Acaba de decir, si se quiere, que su respuesta es una obviedad, pero lo que no es tan obvio es el accidentado recorrido de este país en su búsqueda de las formas republicanas. Y aún no lo hemos conseguido. Lo digo porque ha habido recurrencia, insistencia, en ese propósito, pero vemos que se ha saldado con una cadena de fracasos. Y el chavismo, o lo que pretenda ser, podríamos decir…

que es el macro fracaso. En nuestra generación pensamos que el mundo era ése, esos 40 años de democracia. Es impresionante cómo esa visión se nos ha achicado a lo largo de lo que hemos vivido. Es un periodo, si se quiere, muy estrecho de nuestra historia. Ahora, yo no descartaría el esfuerzo que la sociedad venezolana hace, e incluyo a la clase política, en las postrimerías del gomecismo por avanzar hacia ese país que, finalmente, pudimos consolidar. Que fueron marchas y contra marchas. Medina, el golpe que finalmente derivó en la dictadura de Pérez Jiménez, digamos, entre el 36 y el 56, quizás un poco más, fue ese debate: lo logramos o no lo logramos. ¿Se va a afianzar la democracia o no? Tuvimos subidas y bajadas, pero, finalmente, el país se enrumbó a partir del 58. Pienso que alrededor de ese hecho, de esa realización que tuvo su comienzo en el 36, hubo un consenso importante. Tuvo, además, pensadores.

Políticos con una faceta intelectual muy sólida. ¿Qué cargos le formularía usted al chavismo en el terreno cultural?

Pensaría en dos campos. Uno, el de las políticas públicas, en el cual un Estado tiene que responder, bueno, la destrucción total de esas políticas como las entendíamos desde 1940, cuando el Estado venezolano crea una primera figura, la dirección de Cultura del Ministerio de Educación. Esa dependencia crea la revista Tricolor que inunda a las escuelas y comienza a darles a los niños una visión de país que no existía. Asimismo, crea la Biblioteca popular venezolana, que es nuestro primer gran esfuerzo bibliográfico de ordenar la cultura venezolana desde que el país es país, pequeño detalle, ¿no? Esa dirección se convierte en el INCIBA en los años 60 y posteriormente en el CONAC, en los años 70. Se promulgan y desarrollan las leyes sectoriales —la ley del libro, la ley del cine, por ejemplo—, fue un crecimiento de políticas públicas y de legislación cultural importante cuando lo comparas con cualquier país.

¿Y el segundo campo?

La propia visión que el chavismo tiene de la cultura, que es una cosa despreciada y le crea animadversión. La cultura, entendida como ese ejercicio libre del pensamiento y del espíritu, es algo que a cualquier régimen totalitario le resulta absolutamente incómoda. Entonces, las políticas públicas se han anulado por completo.
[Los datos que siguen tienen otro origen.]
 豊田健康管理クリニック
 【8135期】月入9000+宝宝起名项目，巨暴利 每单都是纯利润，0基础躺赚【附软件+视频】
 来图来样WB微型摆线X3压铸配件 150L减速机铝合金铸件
Los museos son fantasmas. Monte Ávila se convirtió en un sello doctrinario. En fin, toda esa cosa espantosa. Eso se desmanteló por completo. A nivel del Estado no se puede contar con nada. No hay libertad de pensamiento, pero sí una visión colectivista que es el horror. Es, por decir algo, amable, una cosa totalmente anacrónica. El desarrollo del arte contemporáneo, de disciplinas como el cine, nada de eso existe en esa mentalidad.
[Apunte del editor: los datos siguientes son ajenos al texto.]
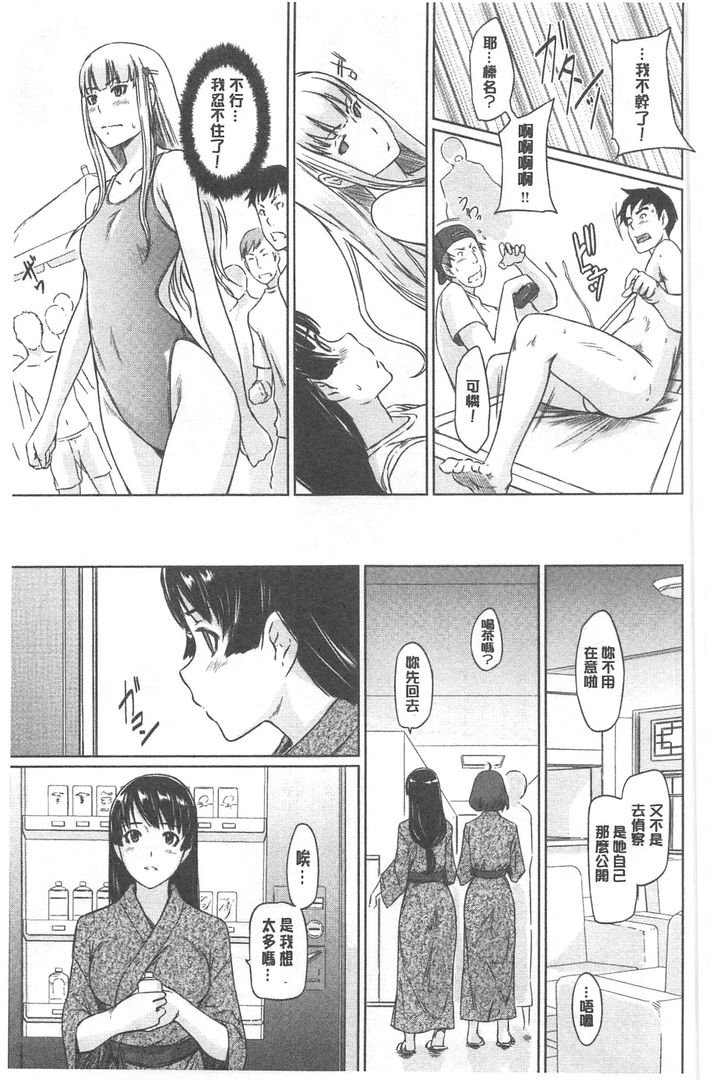 第1话 第 132 页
Ésta será una nueva ocasión para que algunos de sus detractores, incluidos aquellos con quienes mantuvo amistad, digan: «Ahí está López Ortega añorando los 40 años de la democracia, extrañando el puntofijismo, reunido con un periodista que anda en la misma onda». ¿Al final qué podemos hacer? Y no lo digo sólo por nosotros, sino como sociedad, para que no seamos nostálgicos.

Yo pensé que lo vivido en el siglo XX iba a resultar suficiente antídoto para que el ejercicio intelectual fuera en función de la crítica de las ideas y no de doctrinas, de populismo, y de pensamientos que finalmente no piensa. Yo pensé que había suficientes razones para que los intelectuales venezolanos, por ejemplo, entendieran que la función intelectual es otra. Pero, si algo me ha sorprendido, y lo digo en mi libro Diario de sombra, incluso a nivel personal, de amistades cosechadas en 20 o 30 años, si algo no termino de entender es cómo tantos creadores, tantos intelectuales, claudicaron frente a la libertad de creación, de libre pensamiento intelectual, y se apegaron a doctrinas y dejaron de pensar.